Dos deuses é o vinho. Não por ser especialmente bom, mas por ser fresco e claro, tomado à sombra de uma parreira ou de um beiral, quando o sol ao redor cintila e ofusca. Há alguns anos traduzi um livro do autor americano de origem grega, Jeffrey Eugenides; nele, a avó grega do narrador vive reclusa no porão da casa, à sombra da parreira pintada sobre uma das paredes azuis. Da parreira pendem cachos de uva já fartos, que só amadurecerão ao fim do verão interminável. Já não lembro se a avó tomava vinho real ou imaginário.
Verão em Atenas, é todo mundo na rua. E a rua, em Atenas, tem graça diferente. Não a rua, mas as ruas. Há uma rua principal, de pedestres, larga e elegante, a Ermou, onde se alinham todas as lojas das marcas internacionais presentes em todas as grandes cidades internacionais. Uma longa repetição. E esta rua deságua numa praça. Ali, a coisa muda de figura. Houve um momento na história, em que os deuses, ausentes da sua casa de mar ou desatentos, permitiram que caísse em mãos dos turcos. O momento durou quatro séculos - outro é o tempo dos deuses- e deixou vestígios. Eles afloram quando, tendo andado até o fim da rua Ermou, chega-se à praça Monastiraki.

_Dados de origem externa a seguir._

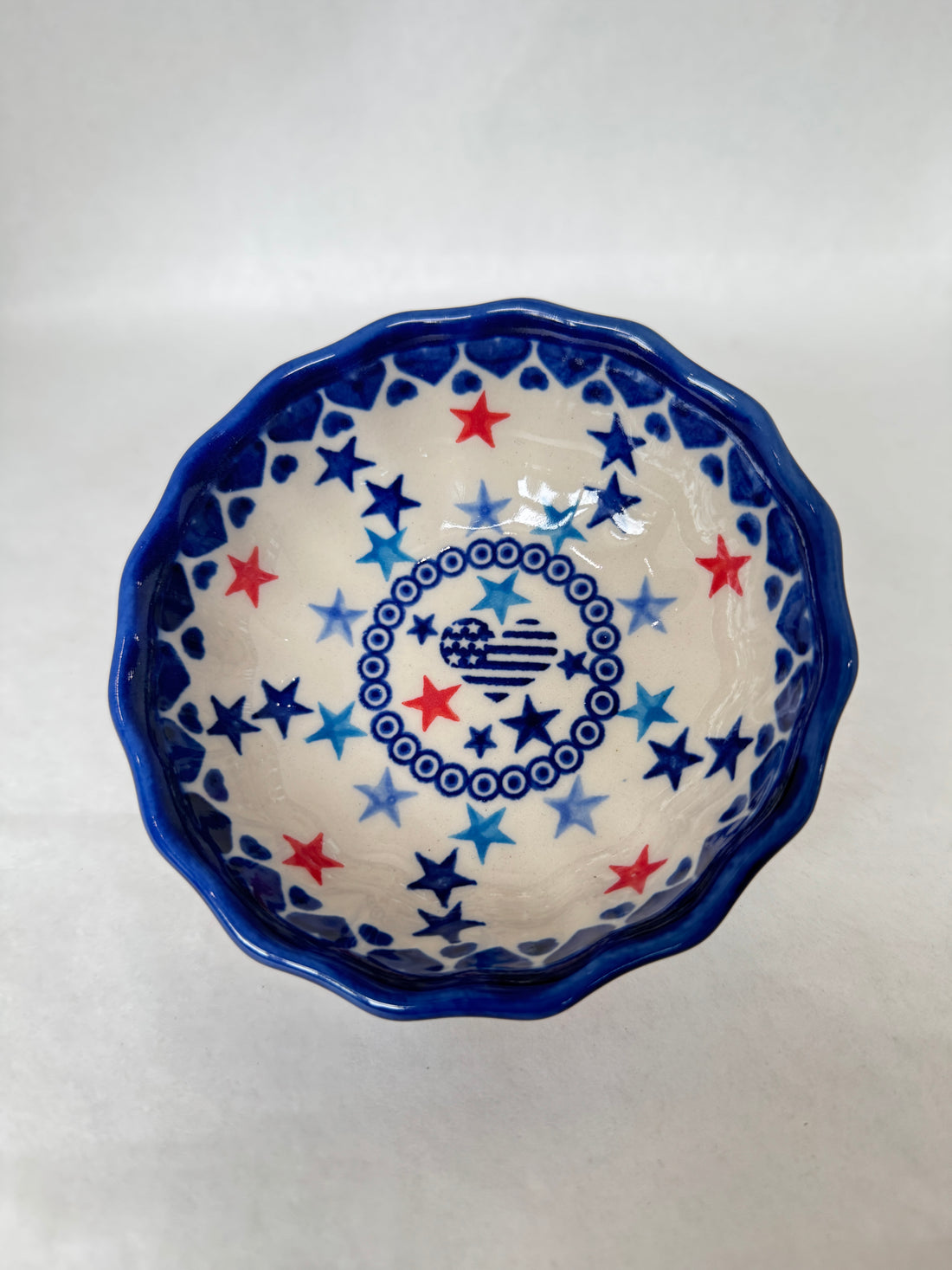 KALICH Starry In The USA Scalloped Bowl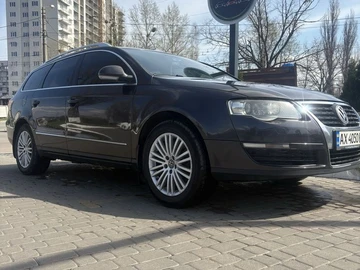 Авто Volkswagen Passat Variant 2006 № 8121405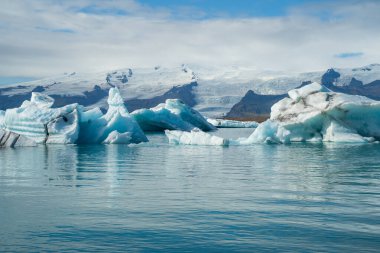 Doğu İzlanda 'daki Jokulsarlon Buzul Gölü. Sudaki buzdağı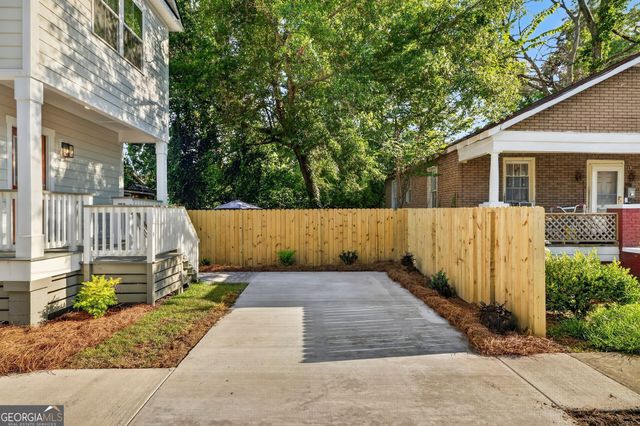 1601 Grove Street, Savannah, GA 31401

Fim das marcas, do multinacionalismo, das vitrinas sempre semelhantes. Barracas como as de feira vendem pirâmides de cerejas e damascos frescos a quem entra e sai da estação de metrô, e da praça nascem ruas e ruelas irregulares onde tudo o que se vende – menos as jóias- está exposto do lado de fora das lojas, pendente, ondulante, empilhado, exibido. É um mercado árabe, um quase souk delicioso pelo movimento, e sedutor pelos preços.
A multidão que se move é a mesma, ou quase, que caminha pela rua Ermou. Mas aqui, compactada pelo aperto, estimulada pela possibilidade da compra barata, torna-se mais acesa, tateando os objetos, sopesando os tecidos, provando as sandálias, avaliando com mãos e olhar, no antigo desafio da busca e da coleta.
Há muito mais em Atenas: a beleza do Parthenon, as ruas silenciosas e floridas onde habita o poder, a máscara de ouro de Agamennon, o sorriso “arcaico” dos Kouroi , as laranjeiras carregadas de frutos, as delicadas cariátides do Erectheion, as alegres tavernas da Plaka.
Tudo é museu numa cidade que não se conhece, ou que se conheceu uma vez no passado e à qual se retorna. Tudo pede o nosso olhar atento porque, embora sem dizeres, em tudo está escrito parte daquilo que queremos saber: que cidade é esta, que gente a habita, como é que passado e presente se tecem para constituir a vida que aqui se leva.